Interview current users using the soft-launched Black Board application through the My Phoenix student portal. Gather and present the insights along with suggestions and next steps for C-suite executives. Our purpose was to determine if the application could be released as a solution across all of the University of Phoenix.  
I was the lead visual designer on this project and one of the UX researchers.* I took all the key research that we, as a team, synthesized and made it into an easily digestible, aesthetically pleasing slide deck. This slide deck was presented by the VP of Experience.  

*My formal position at University of Phoenix was: UX Designer. However, my vast design skillsets were utilized in many ways inside and outside of UX work during my tenure.  

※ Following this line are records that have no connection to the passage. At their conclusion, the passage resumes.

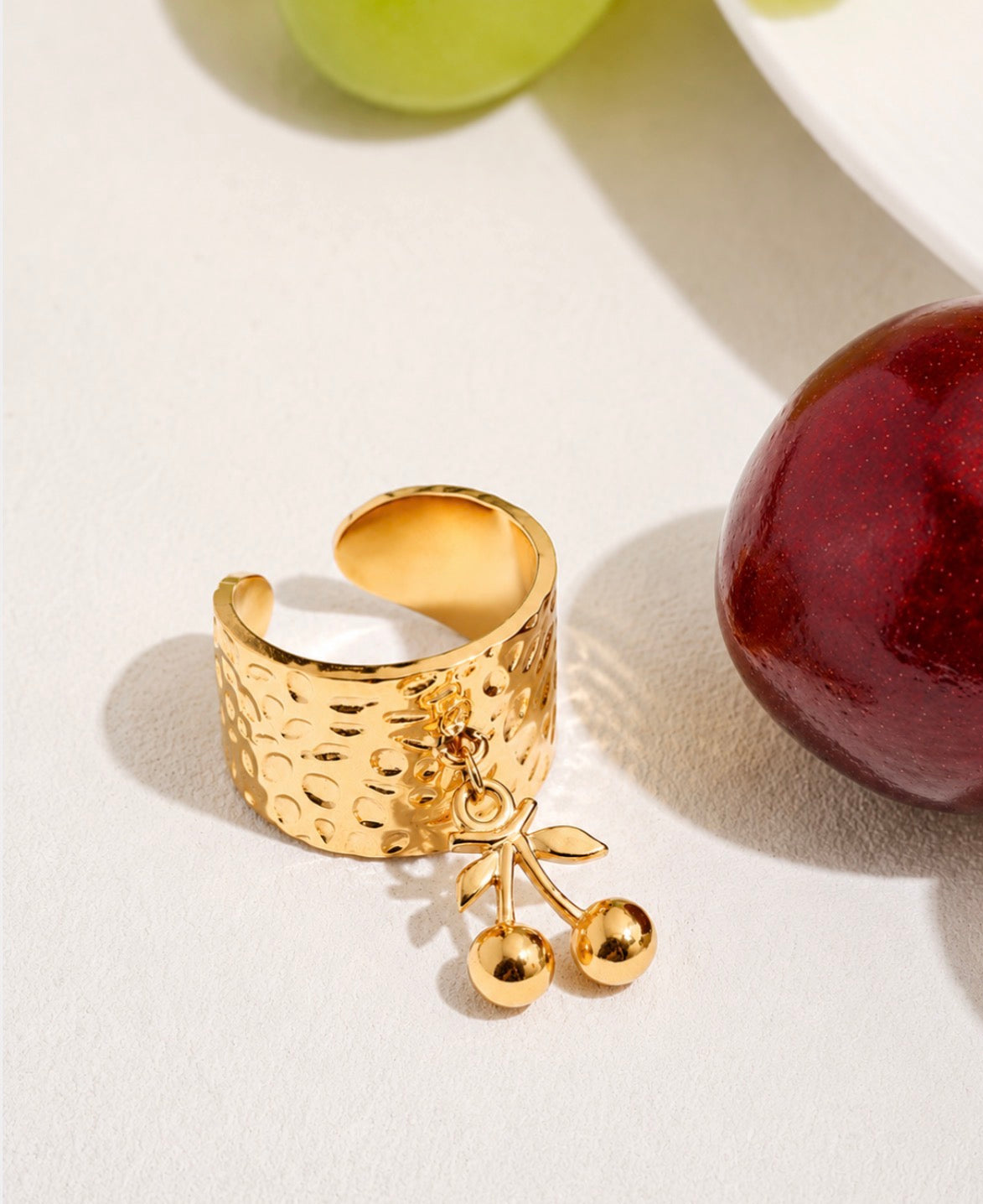 Sugar Rush Ring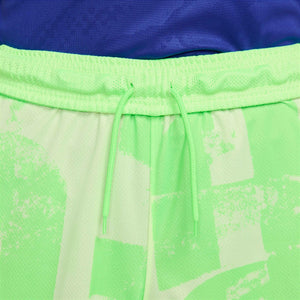 NIKE BARCELONA 24-25 THIRD SHORT BARELY VOLT/LIME BLAST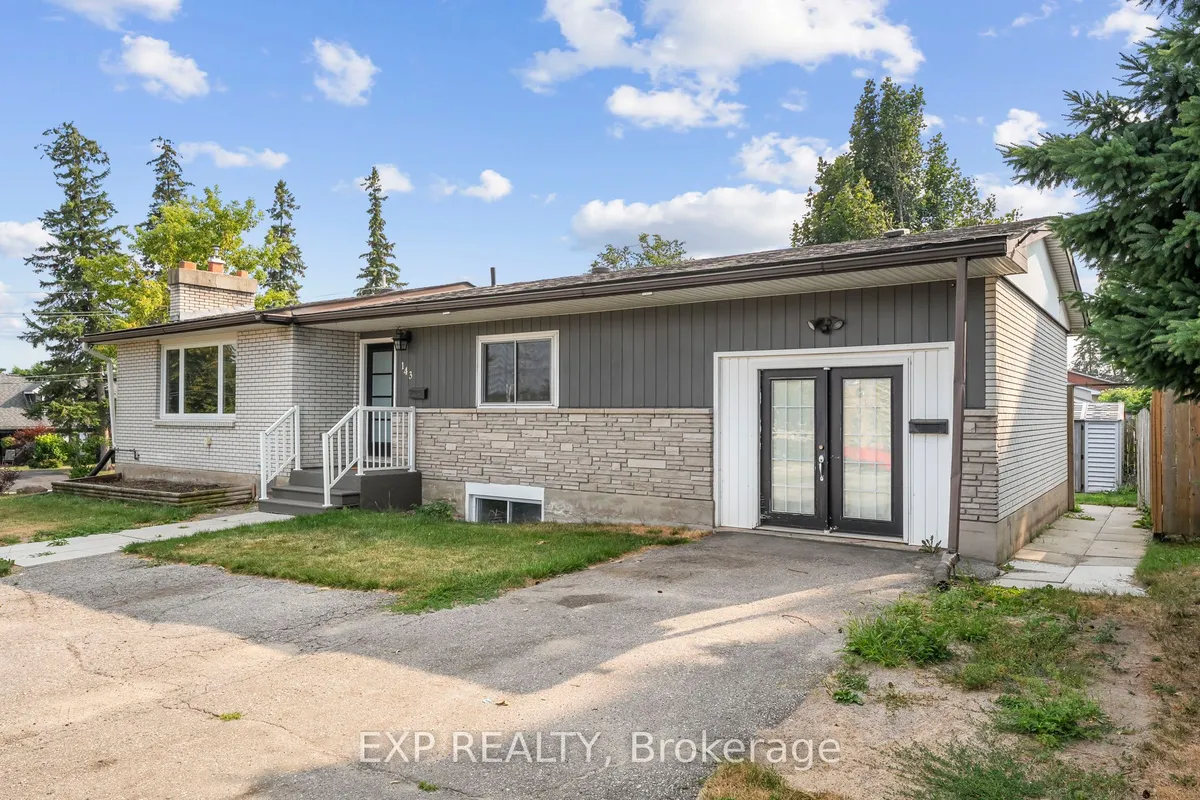 143 Westmount Drive, ON L3V 6C7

Product & Team Information

Designed in Adobe Illustrator. Tested in a state-of-the-art on-site testing lab.
At the University of Phoenix, the UX team had the unique privilege of having a state-of-the-art user research and design lab. The lab had a collection of rooms that housed state-of-the-art tech to assist the team in making the most user-friendly solutions. There, we could use rooms that had floor-to-ceiling whiteboards to draw and brainstorm ideas. Multiple monitors where we could share our solutions. Both of these things helped when we used the lab for user testing. We could use one of the monitors to watch the camera looking at the user's facial reactions and another monitor to watch what they were doing on the desktop screen. We could use the whiteboard walls to record the most valued feedback we found from each test. 
The lab had the most advanced technology to watch and test users. We have three testing rooms that were designed to collect the most information from the users. They had multiple cameras and microphones, one-way windows, and multiple types of desktops, tablets, and phones to conduct the tests on.  
The team consisted of three UX designers and three full-time UX researchers. Despite having a full-time research team, the UX design team often did tests on their own.  In one of the most rigorous testing cycles, the UX team tested 15 users in two-hour individual testing cycles over the course of three weeks.
After our research was completed, we would share our results and findings with the company.  Having advanced skills in infographics, I would often turn the results into quick, easy-to-understand, eye-catching infographics. They made such a statement about the company that I was quickly being approached by higher leadership to create company-wide infographic presentations for any and all data sets. These infographics were shared through presentations or displayed on walls. 
Ironically,  infographic creation and UX design have a lot of things in common. The users and the viewers are both trying to accomplish a goal quickly and efficiently to get to the desired end result. In infographics, this means that the graphics need to be clear, easy to read, and quick to consume. Viewers should be able to easily understand the data displayed without any sense that they are solving a puzzle. It needs to be a quick, concise read that will give them the information they are looking for. 
For this project specifically, the research team, along with myself, were tasked to interview and user test current users who were given a beta-test or soft-launched version of BlackBoard inside the MyPhoenix student portal. Students were working 75% of the time on the Blackboard application, working with classmates, submitting assignments, and communicating with instructors. Our purpose was to determine if the application could be released as a solution across all of the University of Phoenix.  After multiple rounds of interviews and testing, it was determined that Blackboard was not a user-friendly solution. I created this presentation on the team's behalf for the VP of Experience to present to the C-suite executives. This presentation showed our findings and emphasized that we did not recommend moving forward with launching the software across the university until many issues were fixed.